====== Task material

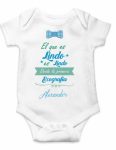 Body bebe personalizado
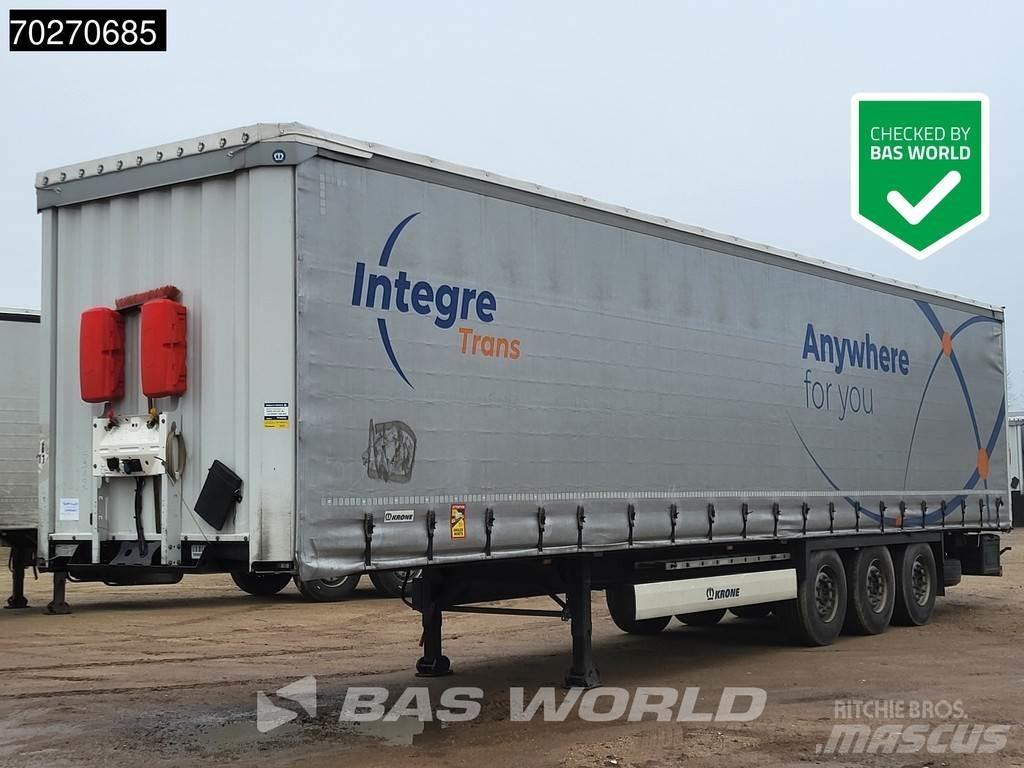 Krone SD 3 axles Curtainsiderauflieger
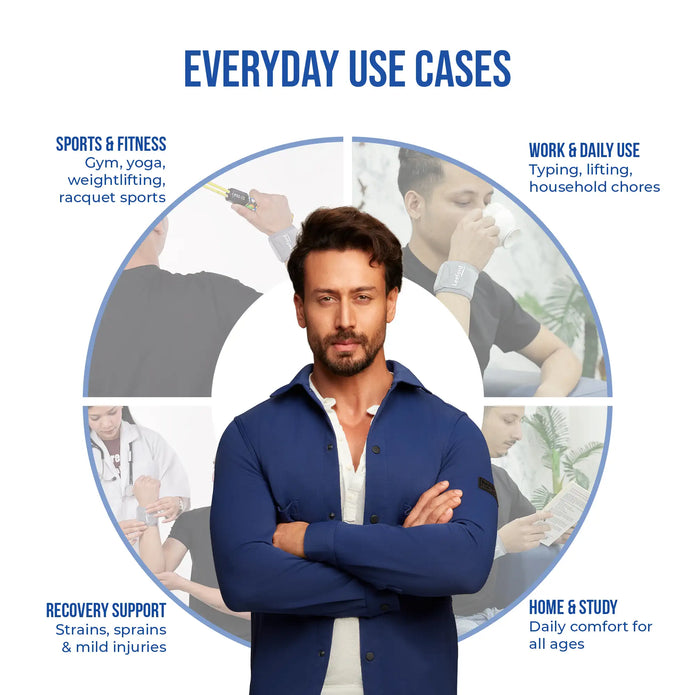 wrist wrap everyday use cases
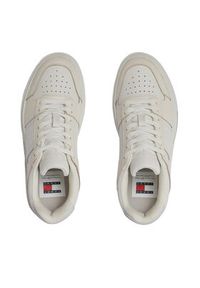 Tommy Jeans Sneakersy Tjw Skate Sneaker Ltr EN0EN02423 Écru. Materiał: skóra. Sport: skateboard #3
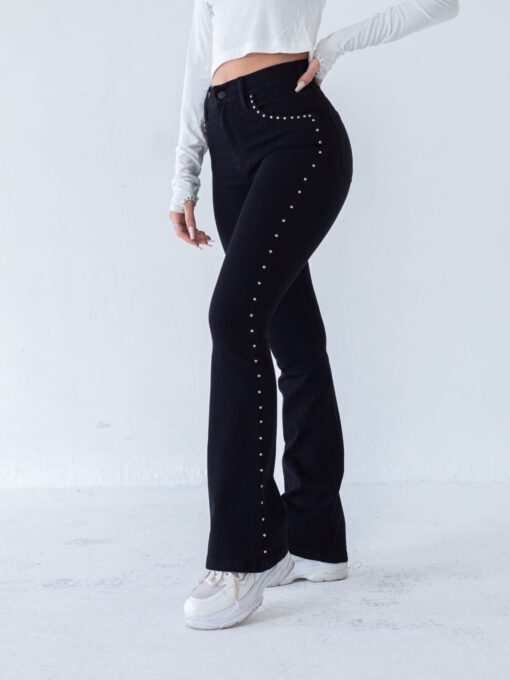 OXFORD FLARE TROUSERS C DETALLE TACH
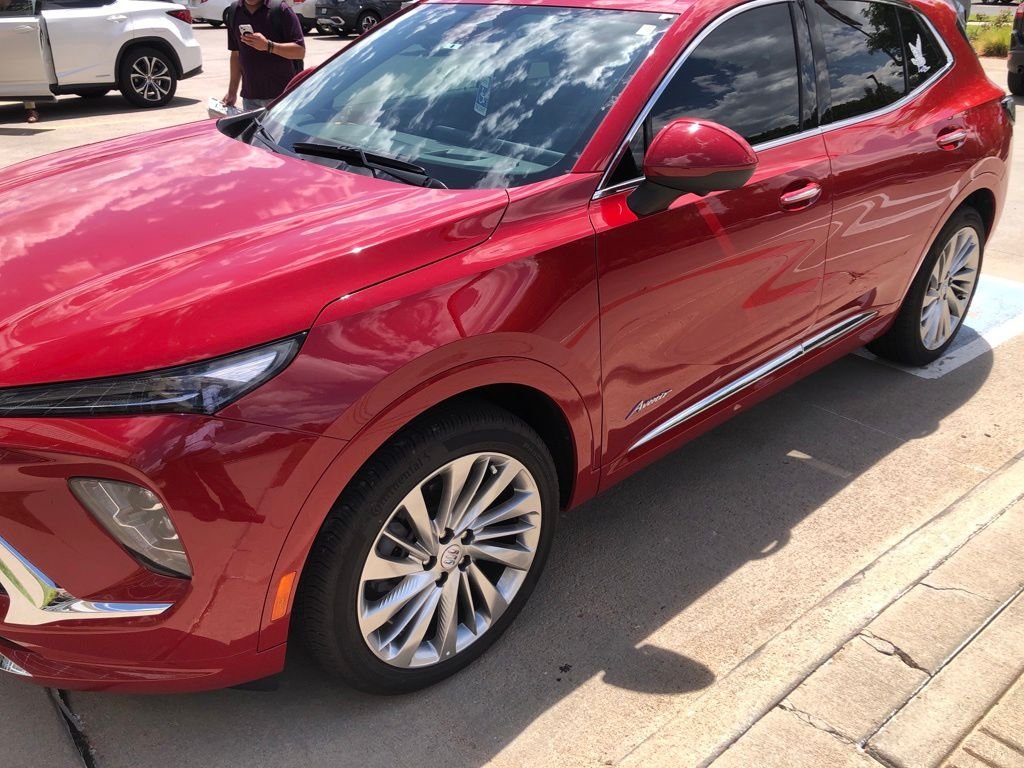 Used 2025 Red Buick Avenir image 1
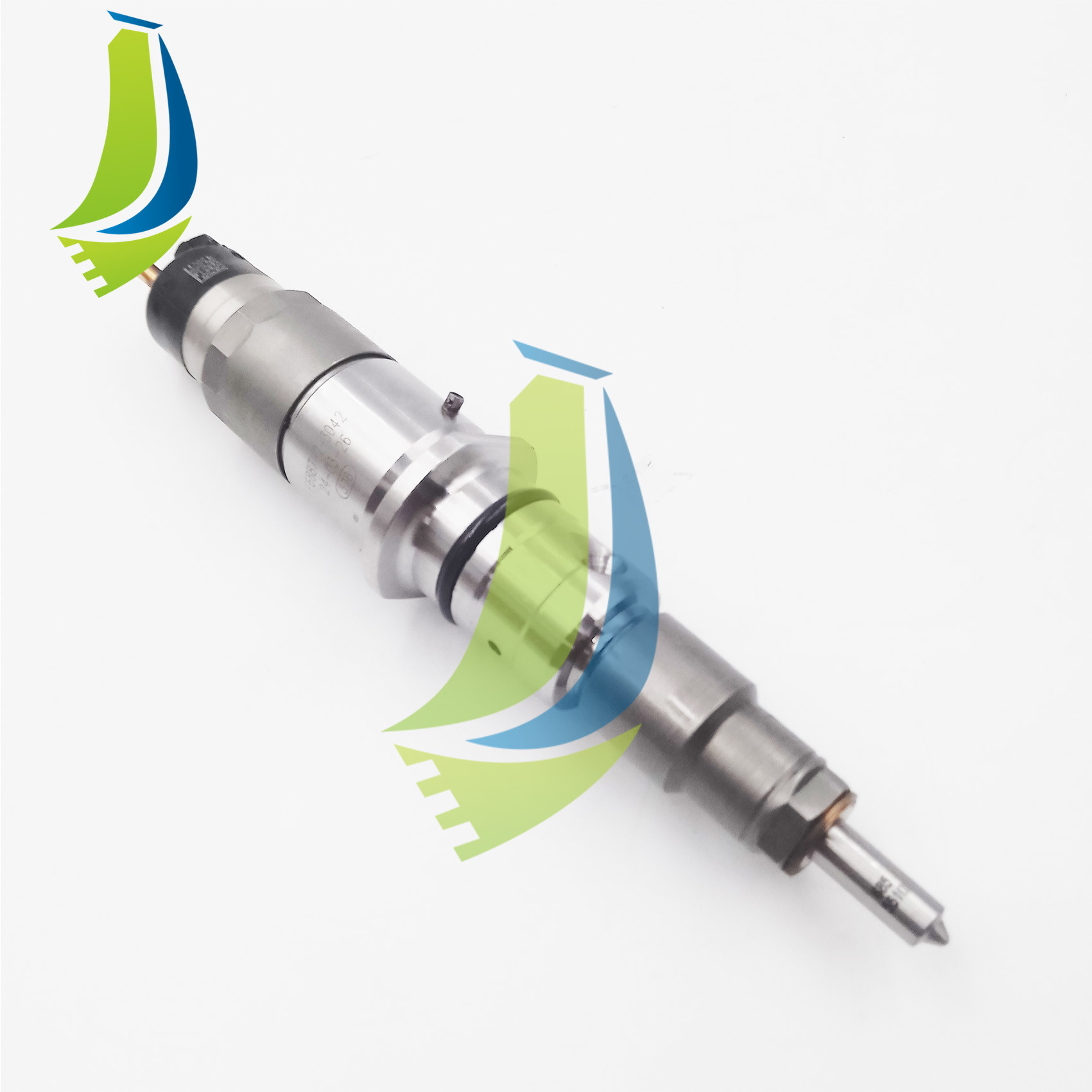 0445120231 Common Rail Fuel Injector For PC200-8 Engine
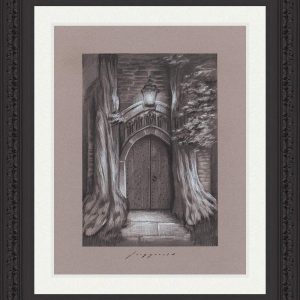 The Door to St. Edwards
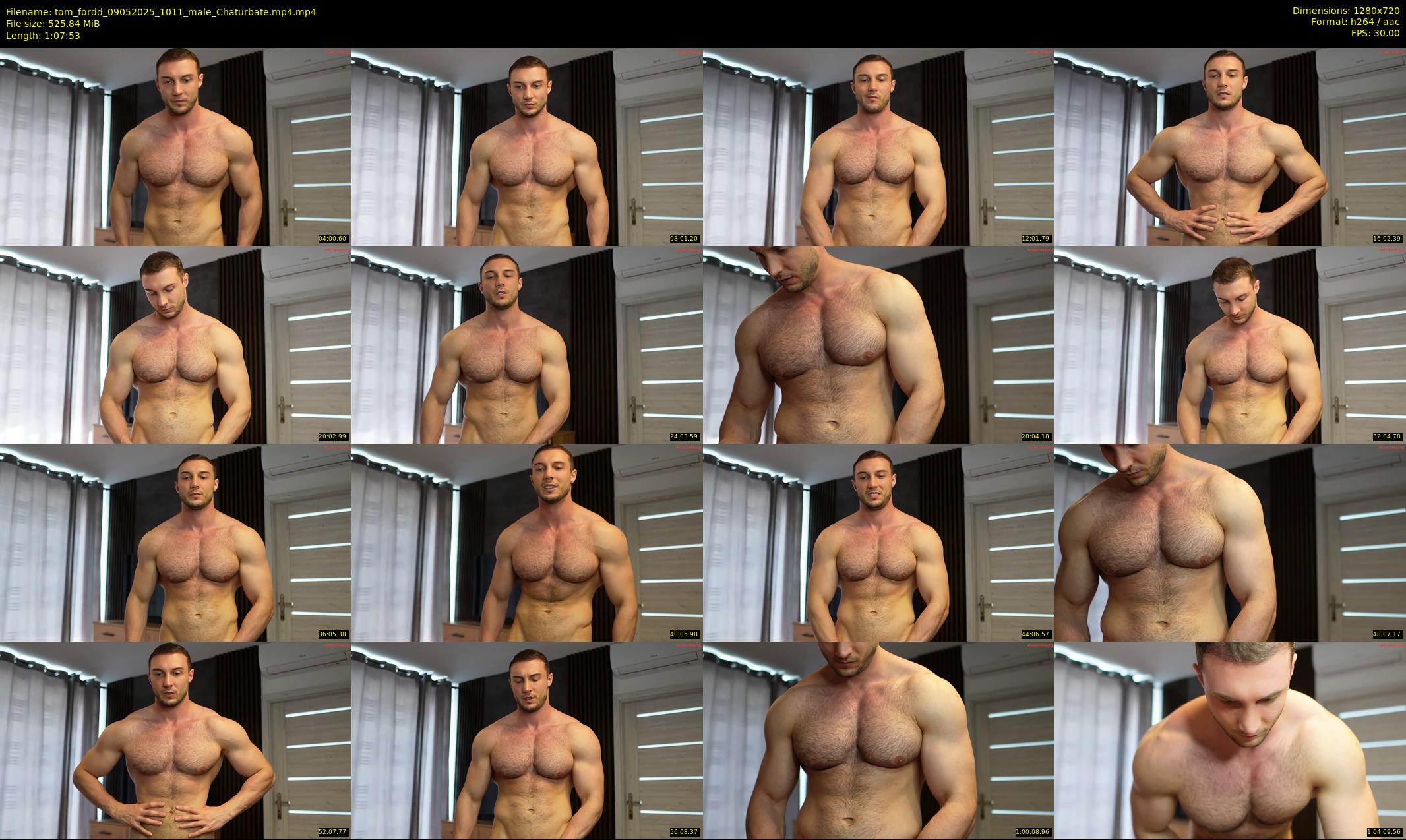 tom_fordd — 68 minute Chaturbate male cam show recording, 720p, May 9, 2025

============

#### The task
Within the entries above, the lines from the one with "0445120231 Common Rail" through the final line are to be printed exactly, with the pictures removed.

#### Response for this exercise
 0445120231 Common Rail Fuel Injector For PC200-8 Engine
 The Door to St. Edwards
 tom_fordd — 68 minute Chaturbate male cam show recording, 720p, May 9, 2025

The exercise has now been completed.